Collected data:
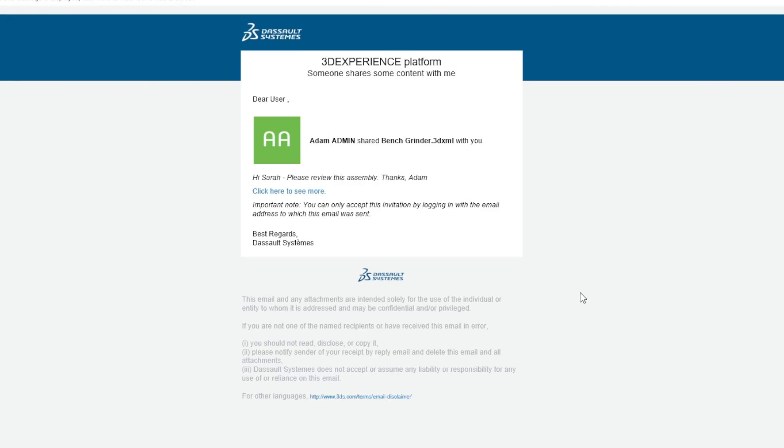This is a quick walkthrough for accessing a file that's been shared with you via a 3DEXPERIENCE link. Here I'm looking at the email I received from Dassault Systems telling me that someone has shared a file with me.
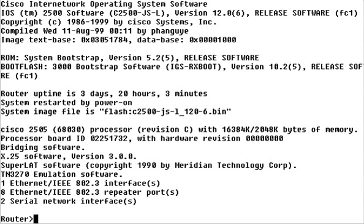By default, the Terminal program automatically saves the last 10 commands in the Command History buffer. This is convenient because it lets you reuse commands instead of retyping them. It also lets you see what commands you've used in the current session.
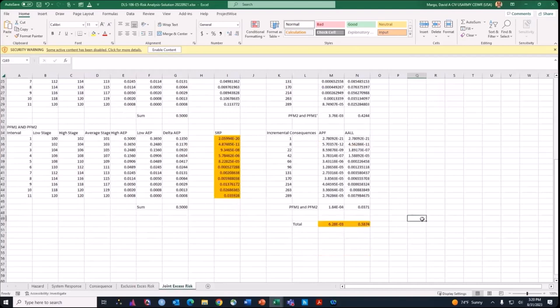The competing risk model is another option, which we didn't do in the exercise because the calculations are quite a bit more complex to do by hand, but there is software available that will do that for you. That covers the solution for this exercise.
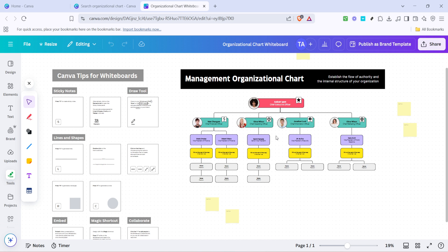After updating the text, focus on the images. You can personalize each section by adding team photos or relevant graphics. To change an image, just click on it and select Replace from the toolbar, then upload your photo or select one from Canva's extensive image library.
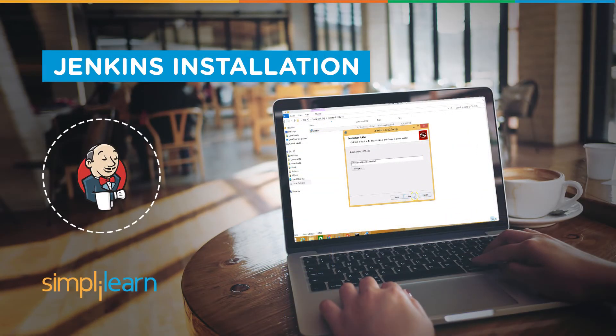Today, we'll see how to install a very popular continuous integration tool called Jenkins on Windows.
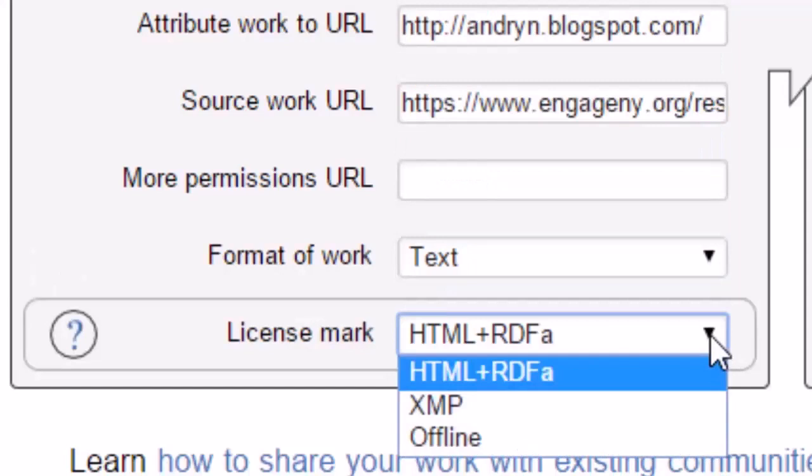The final field, license mark, asks if you want the license for a web page, HTML, or for an offline document, such as a word processor file, that will be printed out.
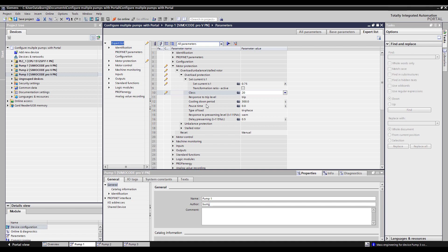To be able to transfer those new parameters to pump two and pump three, we're going to use a function within the Expert List called Mass Engineering, and that's this button up here on top.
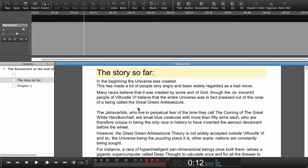In this ABC tutorial we're going to synchronize text and audio. We already have the text here in the manuscript and now we need to import some audio.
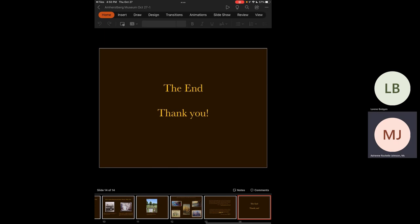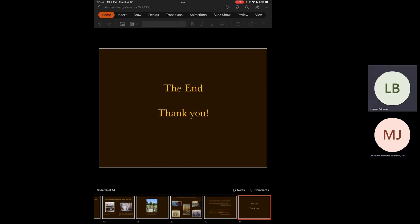Thank you so much. That was fantastic. Thank you so much for sharing this information, and I'm so excited for our audience to listen to what you've had to say and to see the beautiful art that you've shared today.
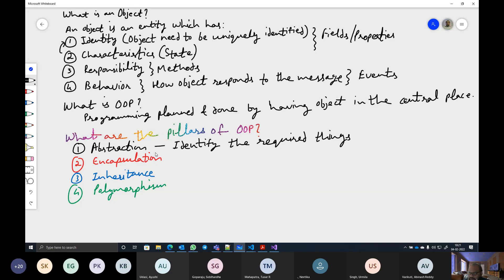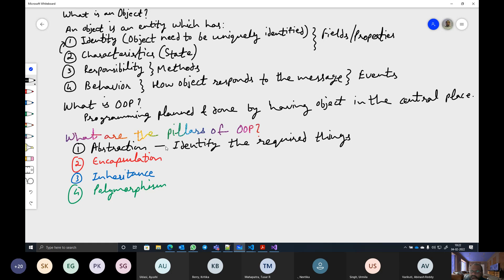Is abstraction required for a trainer? Yes, because it helps the trainer plan the session — what to deliver and how to deliver it. The outcome is a higher quality result, which is beneficial for both the person delivering and the person receiving.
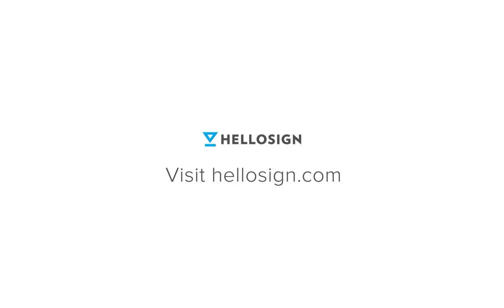Check out our pricing page to see which plan works best for you. Visit us at HelloSign.com. Thanks for watching!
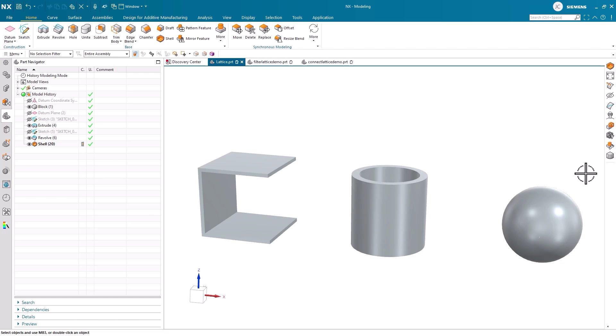Hello, my name is Jimmy Costello from the NX product marketing team. Today, we're going to be investigating some of the more complex capabilities within lattice structures in NX.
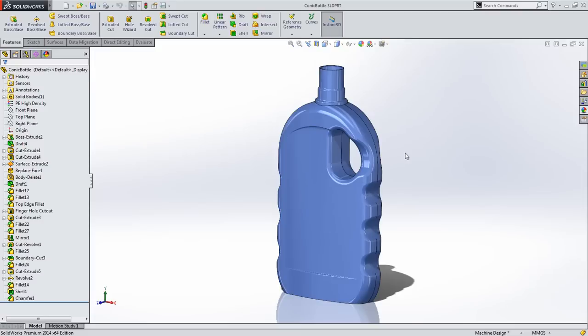In consumer product design and other applications where aesthetics are important, constant and variable radius fillets have limited use due to the sharp change in curvature. Curvature continuous fillets produce smooth results but are limited to a single constant radius.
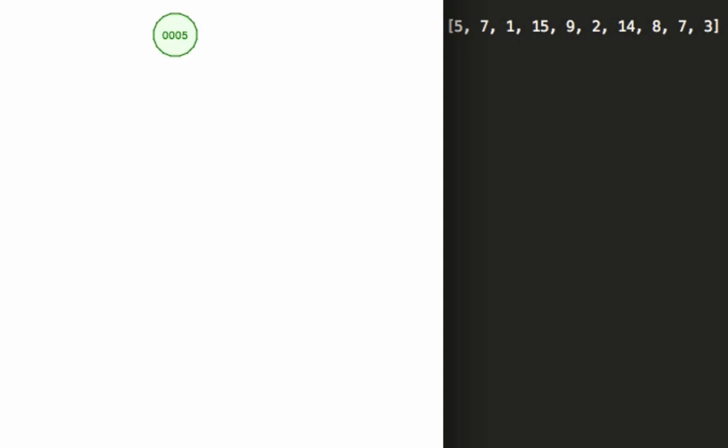So the first element in our array is going to be five and so it's nice and easy - we create five and put it at the root node. The next one we're going to use is going to be seven.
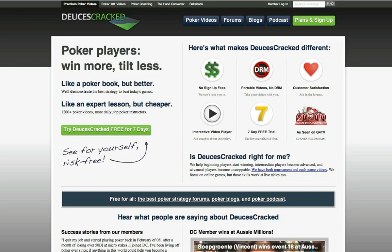Hello everyone, and welcome to Deucescracked.com. My name is Chuck, aka Danzismack, one of the founders here, and today I'm going to be walking you through a few of the features you can find here on our site.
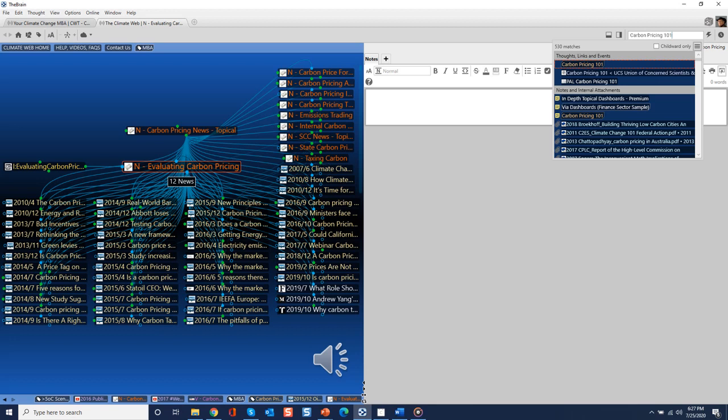If you want to return to the tagged collection you started at but cannot figure out how, you can always search for it. In your premium access copy of the Climate Web, the search field is at the top right. Typing the name of the tagged collection into the search field brings it up. Just click on the link and you'll jump to the collection.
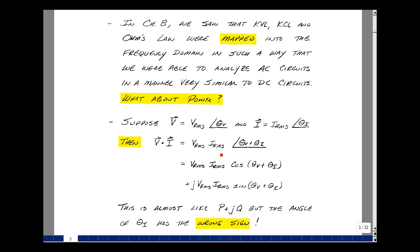So we get the two amplitudes multiplying, and then we add the two angles. In rectangular form, we're going to take the cosine of this combination of angles plus J times the sine of the same quantity, and multiply it by the amplitude of V RMS times I RMS. This looks very much like P and Q we had in our previous video, but the sine here is the opposite — we had a minus sign. So multiplying voltage and current in the frequency domain does not correlate with what we found in the time domain relative to the instantaneous power.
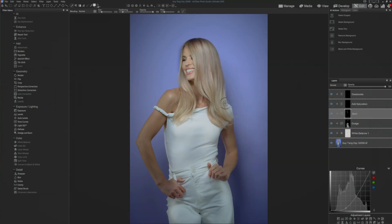That seemed a little bit heavy-handed, so I can either paint it back, or one of the things that's great about this that you couldn't do in Dodge and Burn is I could just change the opacity on that — and there it is right there.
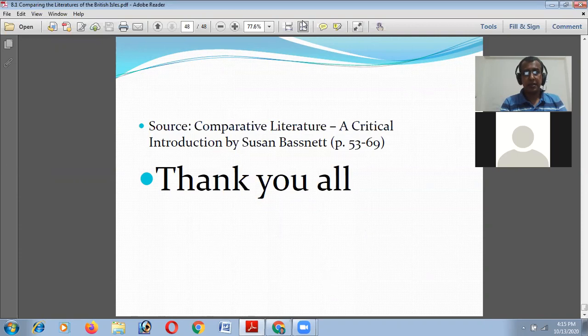Thank you very much for attending the class. If you have any questions we will take them now.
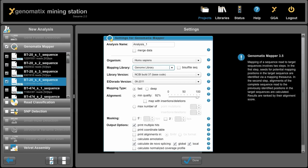And now we simply have to tell the mapper that this is bisulfite sequencing data. And then the mapper will consider the CT conversion during the mapping. Now we can set different parameters, and we can click on Done to start the mapping.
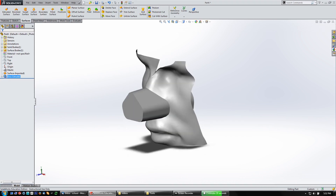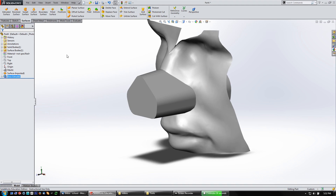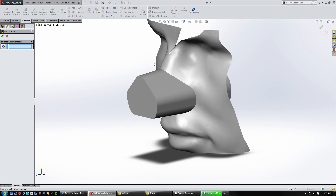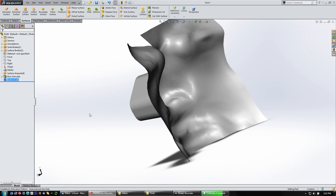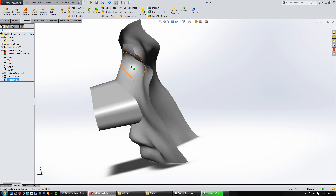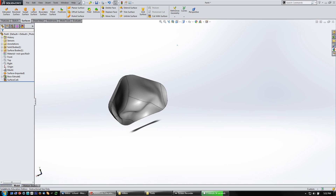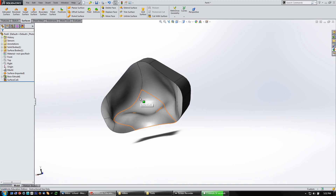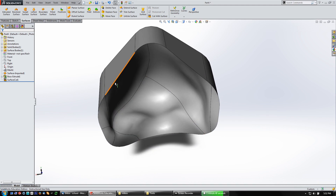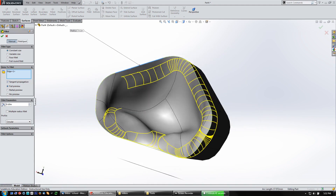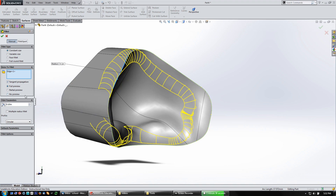From here you can go to Insert > Cut with Surface and pick the surface. Say okay, and just make sure the direction is going the right way. It looks like it did a pretty good job of cutting. Let's hide the surface body and turn on edged faces to see how it looks - yeah, it's looking pretty good. Let's see if we can fillet it some - looks like it wants to do something but might be a bit much. A little bit smaller looks better.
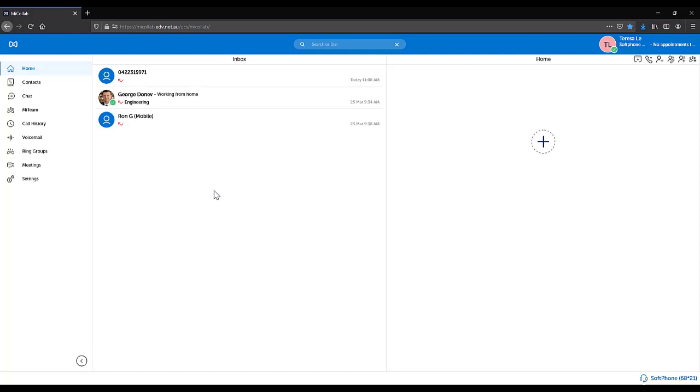Using WebMycolab as a soft phone only means you have a headset connected to your PC or laptop and you are using your data or network to make and receive calls through the headset.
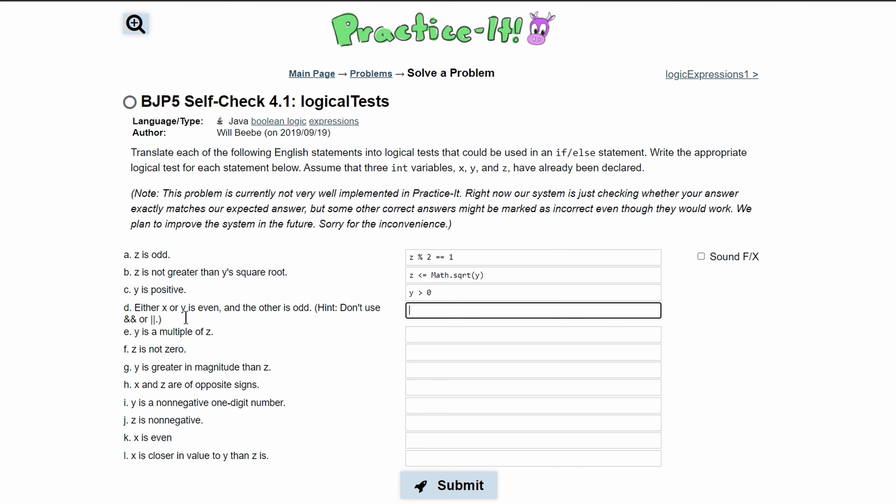Next we have 'either x or y is even and the other is odd.' We cannot use the and or or operators directly. We need to test if x and y are opposites — one even and one odd.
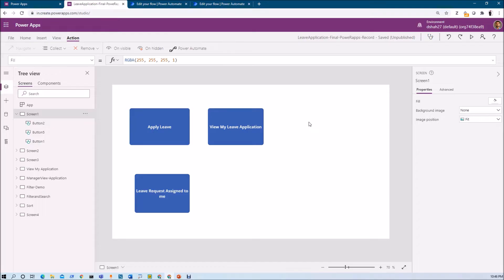Let me talk about the agenda for today's session. First, we are going to create one Microsoft Flow which accepts two different parameters from PowerApps. Then the Power Automate Flow will perform some actions and return some variables to our PowerApps. I am going to explain some basic concepts which will help in our next sessions where we are going to manage permissions using Power Automate.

=== EXERCISE AIM ===
Return, exactly as they stand, the lines above from the one with "Today, we'll see" to the one with "Thank you so much.", omitting any pictures among them.

=== ANSWER BELOW ===
Today, we'll see how to install a very popular continuous integration tool called Jenkins on Windows.
The final field, license mark, asks if you want the license for a web page, HTML, or for an offline document, such as a word processor file, that will be printed out.
To be able to transfer those new parameters to pump two and pump three, we're going to use a function within the Expert List called Mass Engineering, and that's this button up here on top.
In this ABC tutorial we're going to synchronize text and audio. We already have the text here in the manuscript and now we need to import some audio.
Thank you so much. That was fantastic. Thank you so much for sharing this information, and I'm so excited for our audience to listen to what you've had to say and to see the beautiful art that you've shared today.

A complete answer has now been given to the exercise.